Mali - Economy
Economic activity in Mali centers on domestic agricultural and livestock production. Vast stretches of Sahara desert limit Mali's agricultural potential and subject the country to severe, prolonged, recurrent drought. In periods of adequate rainfall, Mali approaches food self-sufficiency. The GDP growth rates are affected by the rainfall as well. GDP has gone to a high of 12.5% in 1989 when rainfall was good to negative growth in dry years. The growth rate of GDP in 2001 was estimated to be -1.2%.
About 80% of the population was engaged in agriculture as of 2001. Irrigated lands along the Niger River have been the focus of infrastructure development loans designed to increase the production of rice. Historically, livestock production was a mainstay of the Malian economy. About 10% of the population is nomadic. The dry savannah plains are tsetse free, and production has been oriented to serve the growing market in Côte d'Ivoire to the south. Unfortunately, the severe droughts in the 1980s reportedly wiped out upwards of 80% of Malian herds.
State-centered policies pursued in the years following independence were largely unsuccessful and led to a reintegration of the Malian economy into the CFA franc zone. Subsequent economic plans imposed on Mali, first by the French and then by the IMF, sought to dismantle the parastatals, privatize industry, and disengage the government from manipulative agriculture policies and price controls. These measures were hindered by the influential Malian civil service, the drought in the early 1980s and, in 1986, the fall in cotton prices, which led the government to suspend its debt-servicing obligations and to a suspension of IMF and World Bank credits. However, deficits fell sharply in 1990 and 1991 as a result of higher taxes and reduced civil service and parastatal demands. Unfortunately, the political repercussions of the government's austerity measures led to its downfall in 1991. The new government, however, continued the structural adjustment process, and the effort to reduce the budget deficits was intensified.

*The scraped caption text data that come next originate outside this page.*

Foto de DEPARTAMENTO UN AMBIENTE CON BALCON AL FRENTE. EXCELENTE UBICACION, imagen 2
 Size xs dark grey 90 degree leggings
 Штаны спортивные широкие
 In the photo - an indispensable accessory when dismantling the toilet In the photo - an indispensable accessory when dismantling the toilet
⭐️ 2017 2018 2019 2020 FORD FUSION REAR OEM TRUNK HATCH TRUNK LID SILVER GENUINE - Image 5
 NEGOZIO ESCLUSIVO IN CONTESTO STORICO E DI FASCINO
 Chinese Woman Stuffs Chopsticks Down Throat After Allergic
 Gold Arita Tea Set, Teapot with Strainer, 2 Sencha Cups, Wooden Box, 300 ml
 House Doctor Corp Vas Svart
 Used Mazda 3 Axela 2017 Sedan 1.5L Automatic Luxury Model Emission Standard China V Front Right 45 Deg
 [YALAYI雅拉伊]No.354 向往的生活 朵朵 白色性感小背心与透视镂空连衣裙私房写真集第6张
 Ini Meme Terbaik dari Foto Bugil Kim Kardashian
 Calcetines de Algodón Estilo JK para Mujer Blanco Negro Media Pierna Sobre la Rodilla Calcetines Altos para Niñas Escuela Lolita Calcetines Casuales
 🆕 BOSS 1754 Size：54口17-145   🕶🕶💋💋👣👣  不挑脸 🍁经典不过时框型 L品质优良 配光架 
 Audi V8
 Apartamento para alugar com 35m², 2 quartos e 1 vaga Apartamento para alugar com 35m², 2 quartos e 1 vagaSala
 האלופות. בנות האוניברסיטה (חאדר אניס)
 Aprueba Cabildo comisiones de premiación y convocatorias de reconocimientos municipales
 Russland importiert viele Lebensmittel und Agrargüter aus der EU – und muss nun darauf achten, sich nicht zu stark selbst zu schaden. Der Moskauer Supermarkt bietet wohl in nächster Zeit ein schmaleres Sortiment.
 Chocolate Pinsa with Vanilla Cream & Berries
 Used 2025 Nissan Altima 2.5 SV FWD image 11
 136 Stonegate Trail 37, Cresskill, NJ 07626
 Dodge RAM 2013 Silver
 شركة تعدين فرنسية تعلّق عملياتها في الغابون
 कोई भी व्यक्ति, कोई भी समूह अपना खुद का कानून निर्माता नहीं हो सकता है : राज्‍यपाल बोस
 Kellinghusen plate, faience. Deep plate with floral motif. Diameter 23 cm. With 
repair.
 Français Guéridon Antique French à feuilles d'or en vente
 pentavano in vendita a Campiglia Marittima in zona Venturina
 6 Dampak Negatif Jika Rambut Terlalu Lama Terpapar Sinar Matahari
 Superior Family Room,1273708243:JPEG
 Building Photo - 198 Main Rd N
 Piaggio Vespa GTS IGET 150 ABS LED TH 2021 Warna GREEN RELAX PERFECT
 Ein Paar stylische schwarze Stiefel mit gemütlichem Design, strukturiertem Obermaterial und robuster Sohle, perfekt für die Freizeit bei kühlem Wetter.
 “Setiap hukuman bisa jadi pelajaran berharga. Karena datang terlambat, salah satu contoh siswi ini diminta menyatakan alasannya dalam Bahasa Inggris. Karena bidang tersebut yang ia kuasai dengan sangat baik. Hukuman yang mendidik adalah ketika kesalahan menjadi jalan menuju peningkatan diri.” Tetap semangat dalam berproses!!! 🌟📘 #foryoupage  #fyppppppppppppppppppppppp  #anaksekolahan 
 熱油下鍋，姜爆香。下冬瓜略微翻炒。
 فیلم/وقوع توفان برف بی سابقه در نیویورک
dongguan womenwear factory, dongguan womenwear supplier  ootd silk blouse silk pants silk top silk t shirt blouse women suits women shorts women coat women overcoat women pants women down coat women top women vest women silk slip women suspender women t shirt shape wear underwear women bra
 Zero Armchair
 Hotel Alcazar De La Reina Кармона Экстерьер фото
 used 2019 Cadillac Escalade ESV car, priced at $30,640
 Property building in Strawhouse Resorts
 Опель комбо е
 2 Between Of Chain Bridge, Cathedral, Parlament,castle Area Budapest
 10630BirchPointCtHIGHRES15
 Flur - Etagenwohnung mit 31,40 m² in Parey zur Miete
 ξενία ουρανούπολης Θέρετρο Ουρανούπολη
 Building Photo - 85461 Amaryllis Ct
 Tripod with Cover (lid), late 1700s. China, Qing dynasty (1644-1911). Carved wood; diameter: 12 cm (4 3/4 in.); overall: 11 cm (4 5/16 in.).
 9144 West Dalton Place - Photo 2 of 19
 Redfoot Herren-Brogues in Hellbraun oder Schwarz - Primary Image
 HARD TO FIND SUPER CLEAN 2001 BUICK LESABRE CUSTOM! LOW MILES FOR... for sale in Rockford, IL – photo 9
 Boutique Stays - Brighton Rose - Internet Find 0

In January 1994 France devalued the CFA franc, cutting its value in half. The devaluation was designed to encourage new investment, particularly in the export sectors of the economy, and discourage the use of hard currency reserves to buy products that could be grow domestically. Unlike exporting countries, however, Mali imported most of its food, had little to export, and therefore, benefited little from the devaluation. A period of inflation, where the rate approached 35%, followed devaluation in 1994, but by 2001 it had moderated to a level of approximately 5%.
The country remains heavily dependent upon foreign aid, which amounted to 20% of GNP in 2002, mostly from France. Key sectors of economic growth in recent years have been in cotton production and gold: Mali as of 2003 was the leading producer and exporter of cotton in sub-Saharan Africa, and the second-largest producer of gold in West Africa.